Das ZDF verfilmt das Leben des revolutionären 68er-Studentenführers Rudi Dutschke als Dokudrama. Das Resultat: Es gab wohl mehr Dutschkes, als wir geahnt haben. Von Lutz Happel

Der echte und der falsche Dutschke: Schauspieler Christoph Bach (li.) sieht dem Studentenführer verblüffend ähnlich© DPA
Es sind immer die gleichen grobkörnigen Schwarz-Weiß-Bilder, die über den Bildschirm flackern, wenn es um die 68er geht: Dutschke mit geballter Faust an der Spitze eines Demonstrationszuges, Dutschke im rot-schwarz gestreiften Strickpulli am Mikro - als Großmeister akademischer Bandwurmsätze. Es sind Bilder eines Menschen, der zur Ikone einer ganzen Generation geworden ist. Doch was war das eigentlich für ein Mensch? Warum wirkt er auf viele noch heute polarisierend? Und was verrät sein Leben über die Bewegung, der er sich so bedingungslos verschrieben hatte?
Keine einfache Aufgabe für die Filmemacher Daniel Nocke und Stefan Krohmer, die in ihrem Dokudrama "Dutschke" den Mensch Rudi Dutschke zeigen wollten. Denn so viele unterschiedliche Meinungen es zum Stellenwert der 68er gibt, so viel wird seit Jahrzehnten über den Westberliner Vorzeige-Revoluzzer diskutiert, der bereits 1979 an den Spätfolgen eines Attentats starb. Ob Bürgerschreck, Demagoge, Charismatiker, Revolutionär, Intellektueller, Straßenkämpfer oder einfach nur glänzender Rhetoriker: Dutschke diente schon früh als Projektionsfläche für seine Anhänger wie Gegner. Das Filmteam Nocke und Krohmer hat erkannt, dass solch ein Mann mit derart komplexen gesellschaftlichen Verflechtungen nicht einfach so aus einem Guss heruntergefilmt werden kann wie die Buddenbrooks. Zum Glück.
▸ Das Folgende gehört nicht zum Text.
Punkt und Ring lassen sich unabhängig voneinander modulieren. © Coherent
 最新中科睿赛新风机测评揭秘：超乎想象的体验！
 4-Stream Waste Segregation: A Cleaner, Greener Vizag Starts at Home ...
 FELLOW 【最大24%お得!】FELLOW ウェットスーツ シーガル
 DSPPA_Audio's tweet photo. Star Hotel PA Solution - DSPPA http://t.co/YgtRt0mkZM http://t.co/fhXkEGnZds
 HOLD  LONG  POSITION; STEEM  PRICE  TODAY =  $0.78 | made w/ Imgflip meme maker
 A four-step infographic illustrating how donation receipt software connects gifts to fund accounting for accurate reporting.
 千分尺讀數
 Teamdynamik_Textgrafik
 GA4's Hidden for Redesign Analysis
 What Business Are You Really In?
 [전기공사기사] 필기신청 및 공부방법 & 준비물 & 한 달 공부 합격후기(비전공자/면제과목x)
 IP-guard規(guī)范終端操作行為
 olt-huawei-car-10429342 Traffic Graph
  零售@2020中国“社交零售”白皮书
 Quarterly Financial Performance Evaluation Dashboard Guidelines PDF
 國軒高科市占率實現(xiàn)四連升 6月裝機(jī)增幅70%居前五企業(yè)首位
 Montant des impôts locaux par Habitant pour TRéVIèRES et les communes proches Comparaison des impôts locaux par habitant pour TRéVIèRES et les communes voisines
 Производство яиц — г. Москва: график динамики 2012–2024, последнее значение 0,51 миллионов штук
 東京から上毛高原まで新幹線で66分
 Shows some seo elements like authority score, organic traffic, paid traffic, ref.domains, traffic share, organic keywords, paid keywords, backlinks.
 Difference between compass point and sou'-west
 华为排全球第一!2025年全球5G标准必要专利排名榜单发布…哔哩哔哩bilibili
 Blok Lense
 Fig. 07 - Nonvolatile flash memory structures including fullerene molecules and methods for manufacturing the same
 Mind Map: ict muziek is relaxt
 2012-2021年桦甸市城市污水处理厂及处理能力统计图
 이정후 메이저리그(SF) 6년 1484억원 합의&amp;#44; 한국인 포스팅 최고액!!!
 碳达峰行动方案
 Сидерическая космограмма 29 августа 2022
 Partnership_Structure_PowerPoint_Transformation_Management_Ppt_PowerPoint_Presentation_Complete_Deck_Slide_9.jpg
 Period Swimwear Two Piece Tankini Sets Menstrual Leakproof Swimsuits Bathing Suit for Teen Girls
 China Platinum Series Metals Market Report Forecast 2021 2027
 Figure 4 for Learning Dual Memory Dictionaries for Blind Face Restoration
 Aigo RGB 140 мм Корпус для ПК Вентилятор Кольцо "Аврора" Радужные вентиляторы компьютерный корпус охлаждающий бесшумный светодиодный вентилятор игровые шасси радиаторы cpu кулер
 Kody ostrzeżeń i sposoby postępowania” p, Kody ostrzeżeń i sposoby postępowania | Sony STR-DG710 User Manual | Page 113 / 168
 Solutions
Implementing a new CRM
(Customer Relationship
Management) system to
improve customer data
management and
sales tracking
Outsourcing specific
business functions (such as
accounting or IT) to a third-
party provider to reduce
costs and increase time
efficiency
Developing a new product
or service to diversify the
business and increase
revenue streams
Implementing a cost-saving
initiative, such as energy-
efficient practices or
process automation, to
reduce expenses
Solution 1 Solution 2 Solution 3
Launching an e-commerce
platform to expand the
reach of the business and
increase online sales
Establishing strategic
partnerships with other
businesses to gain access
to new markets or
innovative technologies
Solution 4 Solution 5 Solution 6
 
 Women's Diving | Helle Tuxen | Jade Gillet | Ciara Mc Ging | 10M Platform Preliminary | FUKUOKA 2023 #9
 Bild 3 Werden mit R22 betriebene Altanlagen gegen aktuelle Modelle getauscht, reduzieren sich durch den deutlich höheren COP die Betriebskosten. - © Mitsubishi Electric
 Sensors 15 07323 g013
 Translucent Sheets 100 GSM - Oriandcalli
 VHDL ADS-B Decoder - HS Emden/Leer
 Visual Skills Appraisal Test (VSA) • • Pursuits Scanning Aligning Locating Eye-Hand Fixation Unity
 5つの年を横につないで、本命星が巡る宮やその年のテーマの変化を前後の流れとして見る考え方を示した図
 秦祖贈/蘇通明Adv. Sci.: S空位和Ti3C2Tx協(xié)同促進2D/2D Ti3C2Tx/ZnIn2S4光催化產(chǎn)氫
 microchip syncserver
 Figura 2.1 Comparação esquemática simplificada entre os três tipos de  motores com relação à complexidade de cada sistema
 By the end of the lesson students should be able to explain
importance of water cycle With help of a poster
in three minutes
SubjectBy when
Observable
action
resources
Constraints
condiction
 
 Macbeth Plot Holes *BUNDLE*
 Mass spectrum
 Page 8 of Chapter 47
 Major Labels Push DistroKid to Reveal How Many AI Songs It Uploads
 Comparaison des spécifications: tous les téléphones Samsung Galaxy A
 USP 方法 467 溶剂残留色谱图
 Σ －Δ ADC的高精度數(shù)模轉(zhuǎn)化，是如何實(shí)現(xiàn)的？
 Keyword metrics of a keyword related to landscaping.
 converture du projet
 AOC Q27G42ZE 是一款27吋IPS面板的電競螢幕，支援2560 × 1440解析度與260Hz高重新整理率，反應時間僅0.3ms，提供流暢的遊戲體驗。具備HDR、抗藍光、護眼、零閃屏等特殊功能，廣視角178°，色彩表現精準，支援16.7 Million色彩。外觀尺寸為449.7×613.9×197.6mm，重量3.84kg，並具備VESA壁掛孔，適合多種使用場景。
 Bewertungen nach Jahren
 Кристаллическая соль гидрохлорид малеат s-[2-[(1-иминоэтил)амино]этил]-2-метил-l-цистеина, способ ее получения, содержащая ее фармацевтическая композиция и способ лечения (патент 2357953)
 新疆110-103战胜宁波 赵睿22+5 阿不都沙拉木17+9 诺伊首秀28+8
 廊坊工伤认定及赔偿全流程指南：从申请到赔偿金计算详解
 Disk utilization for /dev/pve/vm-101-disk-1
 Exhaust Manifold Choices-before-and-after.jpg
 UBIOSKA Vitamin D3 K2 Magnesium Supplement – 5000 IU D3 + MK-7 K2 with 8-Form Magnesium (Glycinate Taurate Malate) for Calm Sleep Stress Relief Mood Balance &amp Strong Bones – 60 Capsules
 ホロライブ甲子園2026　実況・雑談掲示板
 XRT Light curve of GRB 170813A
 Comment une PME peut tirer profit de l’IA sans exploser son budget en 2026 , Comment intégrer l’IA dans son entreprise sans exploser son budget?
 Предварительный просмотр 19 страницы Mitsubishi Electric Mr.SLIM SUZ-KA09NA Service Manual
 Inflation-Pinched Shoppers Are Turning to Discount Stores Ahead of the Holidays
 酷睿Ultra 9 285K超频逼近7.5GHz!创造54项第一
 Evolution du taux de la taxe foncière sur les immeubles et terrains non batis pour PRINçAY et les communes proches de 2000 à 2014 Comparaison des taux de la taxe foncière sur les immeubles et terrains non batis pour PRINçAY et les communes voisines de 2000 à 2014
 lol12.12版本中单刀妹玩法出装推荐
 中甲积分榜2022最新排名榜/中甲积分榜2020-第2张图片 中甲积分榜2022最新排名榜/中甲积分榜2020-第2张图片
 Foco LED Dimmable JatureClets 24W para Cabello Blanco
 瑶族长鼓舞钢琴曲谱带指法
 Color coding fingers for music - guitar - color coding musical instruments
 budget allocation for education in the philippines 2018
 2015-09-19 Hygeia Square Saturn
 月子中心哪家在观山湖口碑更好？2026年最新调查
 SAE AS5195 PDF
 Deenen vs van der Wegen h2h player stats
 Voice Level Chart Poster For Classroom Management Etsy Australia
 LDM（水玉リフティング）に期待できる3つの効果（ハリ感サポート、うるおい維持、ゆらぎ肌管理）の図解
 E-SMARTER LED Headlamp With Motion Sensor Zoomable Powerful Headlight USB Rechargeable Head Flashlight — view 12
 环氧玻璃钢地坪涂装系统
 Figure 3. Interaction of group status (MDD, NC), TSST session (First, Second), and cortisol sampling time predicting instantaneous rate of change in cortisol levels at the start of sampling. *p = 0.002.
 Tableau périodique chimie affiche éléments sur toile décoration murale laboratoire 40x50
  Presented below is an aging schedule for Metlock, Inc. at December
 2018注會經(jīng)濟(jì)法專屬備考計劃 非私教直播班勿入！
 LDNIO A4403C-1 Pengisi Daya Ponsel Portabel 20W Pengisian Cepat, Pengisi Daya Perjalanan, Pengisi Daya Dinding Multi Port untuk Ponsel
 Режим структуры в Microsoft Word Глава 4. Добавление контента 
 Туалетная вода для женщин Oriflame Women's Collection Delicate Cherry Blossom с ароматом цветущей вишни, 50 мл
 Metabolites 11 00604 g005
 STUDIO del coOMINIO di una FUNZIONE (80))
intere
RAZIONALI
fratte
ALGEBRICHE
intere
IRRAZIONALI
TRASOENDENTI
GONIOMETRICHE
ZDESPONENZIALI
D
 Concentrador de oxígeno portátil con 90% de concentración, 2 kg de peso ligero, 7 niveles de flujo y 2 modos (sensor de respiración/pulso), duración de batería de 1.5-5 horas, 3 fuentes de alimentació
"Wir sind der Meinung, dass man Dutschke und seiner Zeit am besten gerecht wird, wenn man Widersprüche herausstellt, statt sie zu verstecken", sagen die beiden Filmemacher. Dazu haben sie gespielte Szenen, Interviews und Archivmaterial zu einer multiperspektivischen Kollage zusammen geschnitten. Gezeigt werden Ausschnitte aus Dutschkes Leben ab 1964, als Dutschke allmählich bekannt wurde. 1967/68 war er bereits ein einflussreicher Akteur in West-Berlin. Man spürt die steigende Feindseligkeit in den Monaten vor dem Berliner Vietnam-Kongress bis zum Attentat im April 68. Es folgt seine Tour durch Europa auf der Suche nach einer neuen Bleibe. Die Erzählung endet in den 70er Jahren.
Zu Wort kommen Freunde und Weggefährten, politische Kontrahenten, Dutschkes Frau Gretchen Klotz, ehemalige Mitstreiter wie Gaston Salvatore, Peter Schneider, Helga Reidemeister oder Bernd Rabehl, aber auch Zeitzeugen wie Eberhard Diepgen.
Die gespielten Szenen zeigen, wie Dutschke mit seinem engsten Gefährten Salvatore fieberhaft an Reden und Artikeln feilt, sich die Nächte um die Ohren schlägt, in überfüllten Hörsälen in ganz Deutschland spricht, mit dem Duktus eines hitzigen Soziologie-Professors, dem die Leute an den Lippen hängen. Wie er im Umfeld des Sozialistischen Deutschen Studentenbundes (SDS) bis zur Erschöpfung arbeitet. Eine Zeit "ohne Atem", so beschreibt Salvatore jene Hochzeit der politischen Aktivität seines Freundes.